Quantizing large language models has become a standard way to reduce their memory and computational costs. Typically, existing methods focus on breaking down the problem into individual layer-wise sub-problems, and minimizing per-layer error, measured via various metrics. Yet, this approach currently lacks theoretical justification and the metrics employed may be sub-optimal. In this paper, we present a "linearity theorem" establishing a direct relationship between the layer-wise $\ell_2$ reconstruction error and the model perplexity increase due to quantization. This insight enables two novel applications: (1) a simple data-free LLM quantization method using Hadamard rotations and MSE-optimal grids, dubbed HIGGS, which outperforms all prior data-free approaches such as the extremely popular NF4 quantized format, and (2) an optimal solution to the problem of finding non-uniform per-layer quantization levels which match a given compression constraint in the medium-bitwidth regime, obtained by reduction to dynamic programming. On the practical side, we demonstrate improved accuracy-compression trade-offs on Llama-3.1 and 3.2-family models, as well as on Qwen-family models. Further, we show that our method can be efficiently supported in terms of GPU kernels at various batch sizes, advancing both data-free and non-uniform quantization for LLMs.

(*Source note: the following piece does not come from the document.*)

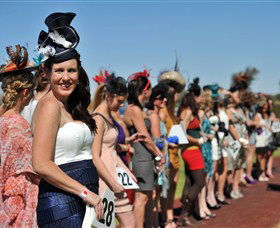 Alice Springs Turf Club - QLD Tourism 1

翻译：大语言模型量化已成为降低其内存与计算成本的标准方法。现有方法通常将问题分解为逐层的子问题，并通过多种度量指标最小化每层误差。然而，该方法目前缺乏理论依据，且所采用的度量指标可能并非最优。本文提出一个"线性定理"，建立了逐层$\ell_2$重构误差与量化导致的模型困惑度上升之间的直接关系。这一洞见催生了两种新颖应用：(1) 一种利用哈达玛变换和均方误差最优网格的无数据LLM量化方法HIGGS，其性能超越所有先前的无数据方法（包括极受欢迎的NF4量化格式）；(2) 通过动态规划归约，在中位宽场景下实现了匹配给定压缩约束的非均匀逐层量化级别最优求解方案。在实践层面，我们在Llama-3.1/3.2系列模型及Qwen系列模型上展示了更优的精度-压缩权衡效果。此外，我们证明了该方法可在不同批量大小下通过GPU内核高效部署，从而推动了LLM无数据量化与非均匀量化的双重进展。